Alat-alat lain yang digunakan oleh Twelve antara lain Cobalt Strike, Mimikatz, Chisel, BloodHound, PowerView, adPEAS, CrackMapExec, Advanced IP Scanner, dan PsExec untuk pencurian kredensial, penemuan, pemetaan jaringan, dan peningkatan hak istimewa. Koneksi RDP berbahaya ke sistem disalurkan melalui ngrok.
Shell web PHP dengan kemampuan untuk menjalankan perintah acak, memindahkan file, atau mengirim email juga digunakan.
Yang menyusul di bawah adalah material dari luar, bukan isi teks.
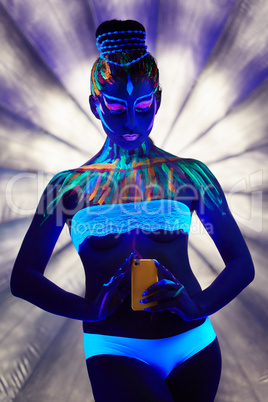 Amazing go-go dancer makes selfie under neon light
Program-program ini, seperti shell web WSO, tersedia di GitHub.
Dalam satu insiden yang diselidiki oleh Kaspersky, pelaku ancaman dikatakan telah mengeksploitasi kerentanan keamanan yang diketahui (misalnya, CVE-2021-21972 dan CVE-2021-22005) di VMware vCenter untuk mengirimkan web shell yang kemudian digunakan untuk menjatuhkan pintu belakang yang dijuluki FaceFish.
“Untuk mendapatkan pijakan di infrastruktur domain, penyerang menggunakan PowerShell untuk menambahkan pengguna dan grup domain, dan untuk mengubah ACL (Access Control Lists) untuk objek Active Directory,” katanya. “Untuk menghindari deteksi, penyerang menyamarkan malware dan tugas mereka dengan nama produk atau layanan yang ada.”
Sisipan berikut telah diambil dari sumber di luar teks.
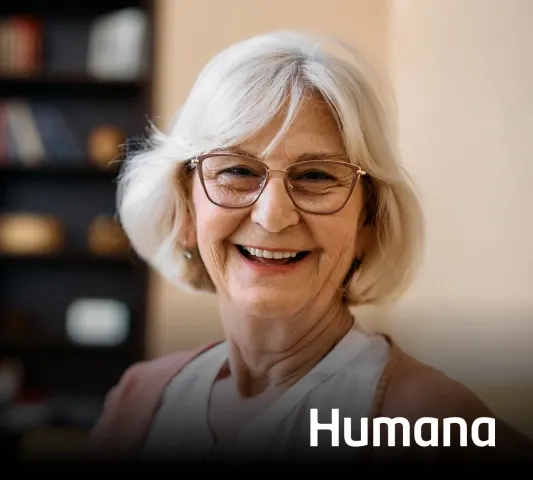 Humana Dentist Howell – older adult patient discussing dentures with a dentist at Riverpark Dental of Howell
Beberapa nama yang digunakan meliputi “Update Microsoft,” “Yandex,” “YandexUpdate,” dan “intel.exe.”
Serangan tersebut juga ditandai dengan penggunaan skrip PowerShell (“Sophos_kill_local.ps1”) untuk menghentikan proses yang terkait dengan perangkat lunak keamanan Sophos pada host yang disusupi.
Tahapan penutup memerlukan penggunaan Penjadwal Tugas Windows untuk meluncurkan muatan ransomware dan wiper, tetapi tidak sebelum mengumpulkan dan mengekstraksi informasi sensitif tentang korbannya melalui layanan berbagi file yang disebut DropMeFiles dalam bentuk arsip ZIP.
“Para penyerang menggunakan versi ransomware LockBit 3.0 yang populer, yang dikompilasi dari kode sumber yang tersedia untuk umum, untuk mengenkripsi data,” kata peneliti Kaspersky. “Sebelum mulai bekerja, ransomware tersebut menghentikan proses yang dapat mengganggu enkripsi file individual.”
Wiper, identik dengan malware Shamoon, menulis ulang master boot record (MBR) pada drive yang terhubung dan menimpa semua konten file dengan byte yang dihasilkan secara acak, yang secara efektif mencegah pemulihan sistem.
“Kelompok ini menggunakan perangkat lunak perusak yang tersedia untuk umum dan sudah dikenal, yang menunjukkan bahwa mereka tidak membuat perangkat sendiri,” kata Kaspersky. “Hal ini memungkinkan untuk mendeteksi dan mencegah serangan Twelve pada waktunya.”